(Exercise data Opens)

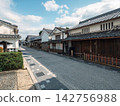 晴天下日本兵庫縣丹波篠山市河原町妻入商家群的傳統街景 142756988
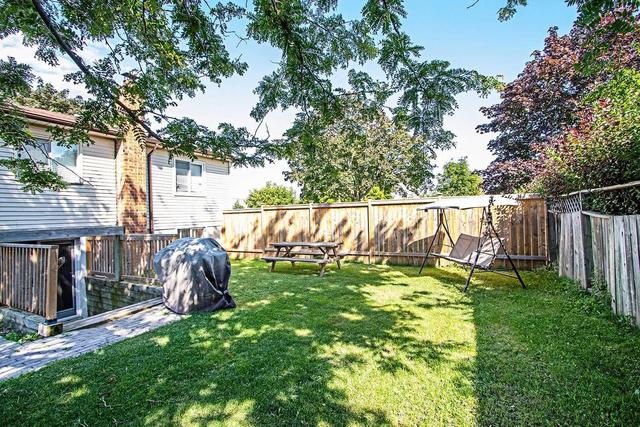 413 Farewell St, House detached with 3 bedrooms, 2 bathrooms and 5 parking in Oshawa ON | Image 19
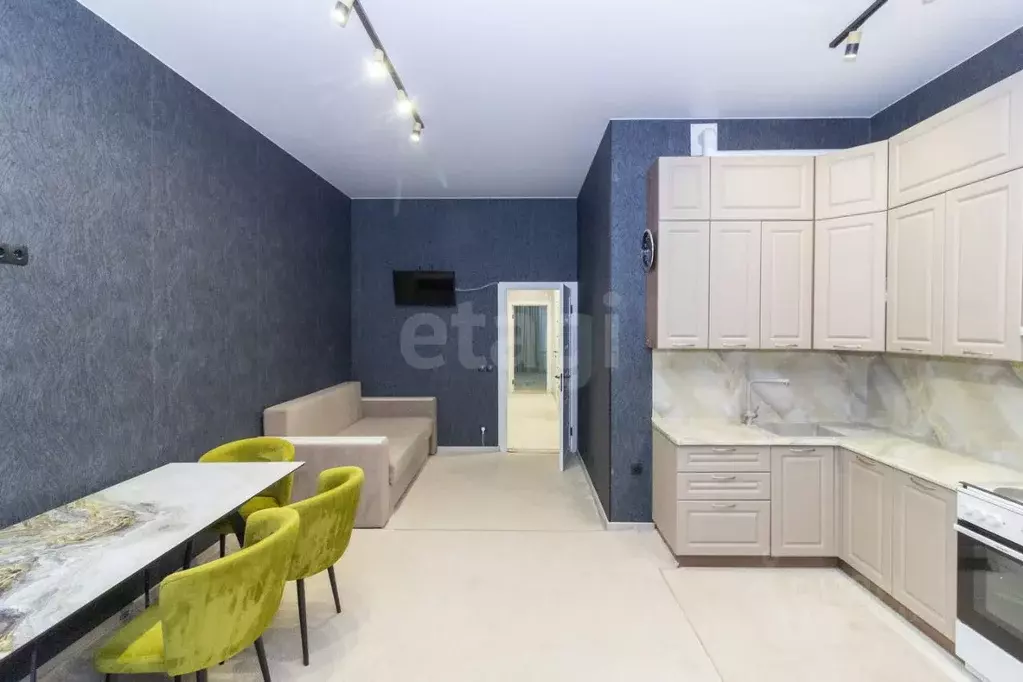 2-к кв. Тюменская область, Тюмень ул. Фармана Салманова, 16 (84.4 м) - Фото 1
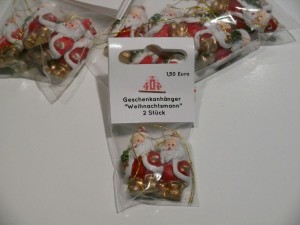 Weihnachtsmann-Geschenkanhänger - 3,5 cm - 2er Set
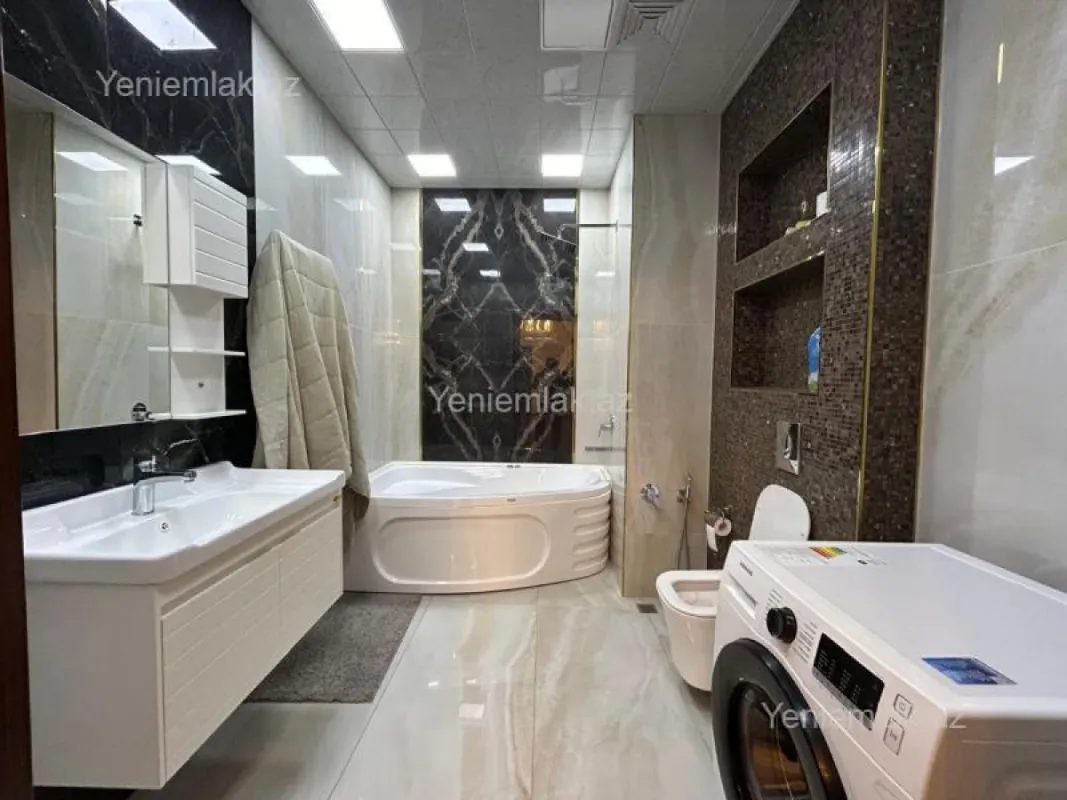 Satılır 3 otaqlı yeni tikili 200 m²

(Exercise data Closes)

▶ **What this task involves**:
Could you copy exactly, and with no pictures, the lines above from the one containing "2-к кв. Тюменская" through the last line, both included?

▶ **Solution to the exercise**:
 2-к кв. Тюменская область, Тюмень ул. Фармана Салманова, 16 (84.4 м) - Фото 1
 Weihnachtsmann-Geschenkanhänger - 3,5 cm - 2er Set
 Satılır 3 otaqlı yeni tikili 200 m²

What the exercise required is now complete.